Stocks end mixed on Wall Street amid weak tech earnings – News10NBC

BEIJING (AP) — Asian stock markets were mixed Thursday ahead of an update on the U.S. economy and a European Central Bank meeting that is expected to raise its key interest rate to a 13-year high.

Shanghai and Tokyo declined while Hong Kong and Seoul advanced. Wall Street fell after tech companies reported disappointing quarterly results.

Forecasters expect U.S. government data to show the economy grew in the three months ending in September after two quarters of contraction. Other indicators including housing sales suggest activity is cooling following rate hikes to rein in stubbornly high inflation.

The ECB, which manages the euro currency used by Germany, France and 17 other countries, is expected to raise its benchmark lending rate by up to 0.75 percentage points.

Traders worry this year’s aggressive rate hikes might tip the global economy into recession.

The ECB will “have to turn a blind eye” to signs of slowing activity “as it battles to bring inflation back under control,” said Fawad Razaqzada of StoneX in a report.

The Shanghai Composite Index lost 0.2% to 2,993.70 and the Nikkei 225 in Tokyo shed 0.3% to 27,345.24. The Hang Seng in Hong Kong jumped 1.3% to 15,515.92.

The Kospi in Seoul advanced 1.7% to 2,288.72 after the government reported economic growth slowed to a one-year low of 0.3% over the previous quarter in the three months ending in September from the previous quarter’s 0.7% increase.

Sydney’s S&P-ASX 200 gained 0.5% to 6,845.10.

India’s Sensex opened up 0.3% at 59,716.48. New Zealand and Southeast Asian markets rose.

On Wall Street, the S&P 500 index fell 0.7% to 3,830.60, breaking three days of gains after Microsoft and the parent companies of Google and Facebook reported weaker-than-expected profit or revenue.
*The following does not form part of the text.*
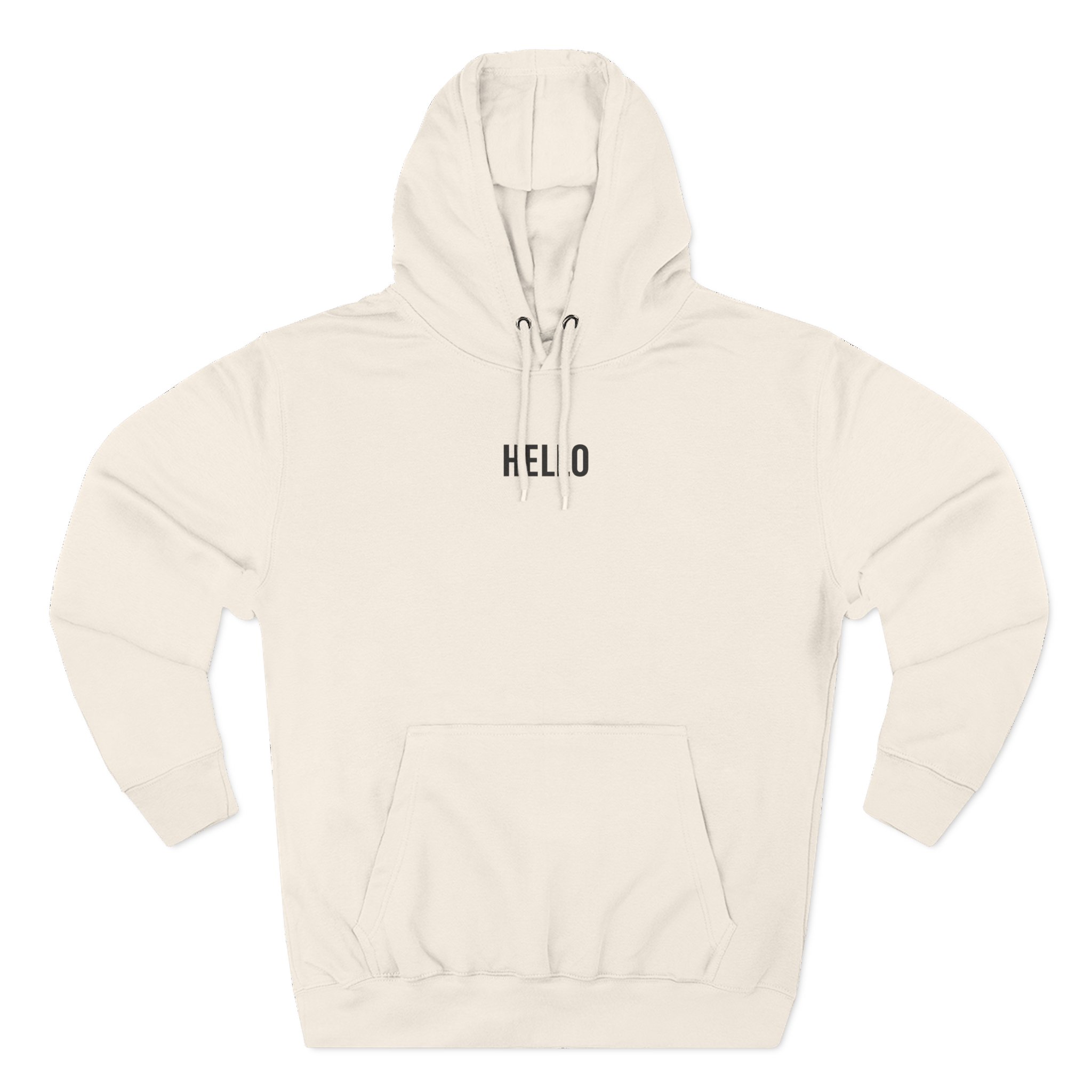 Adele Hallo Three-Panel Fleece Hoodie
The tech-heavy Nasdaq composite dropped 2% to 10,970.99. The Dow Jones Industrial Average ended little changed, gaining 2.37 points to 31,839.11.

Google parent Alphabet slumped 9.6% after it reported disappointing third-quarter financial results as advertising sales weakened. Music streaming service Spotify fell 13% after it reported a bigger third-quarter loss than Wall Street expected.

Microsoft slid 7.7% after it reported disappointing growth for its cloud computing company, while profits fell along with PC sales. Chipmaker Texas Instruments fell 2.6% after giving investors a discouraging forecast for the current quarter.

Facebook’s parent company, Meta, fell 10.8% in after-hours trading following the release of its third-quarter earnings. The stock fell 5.6% in regular trading.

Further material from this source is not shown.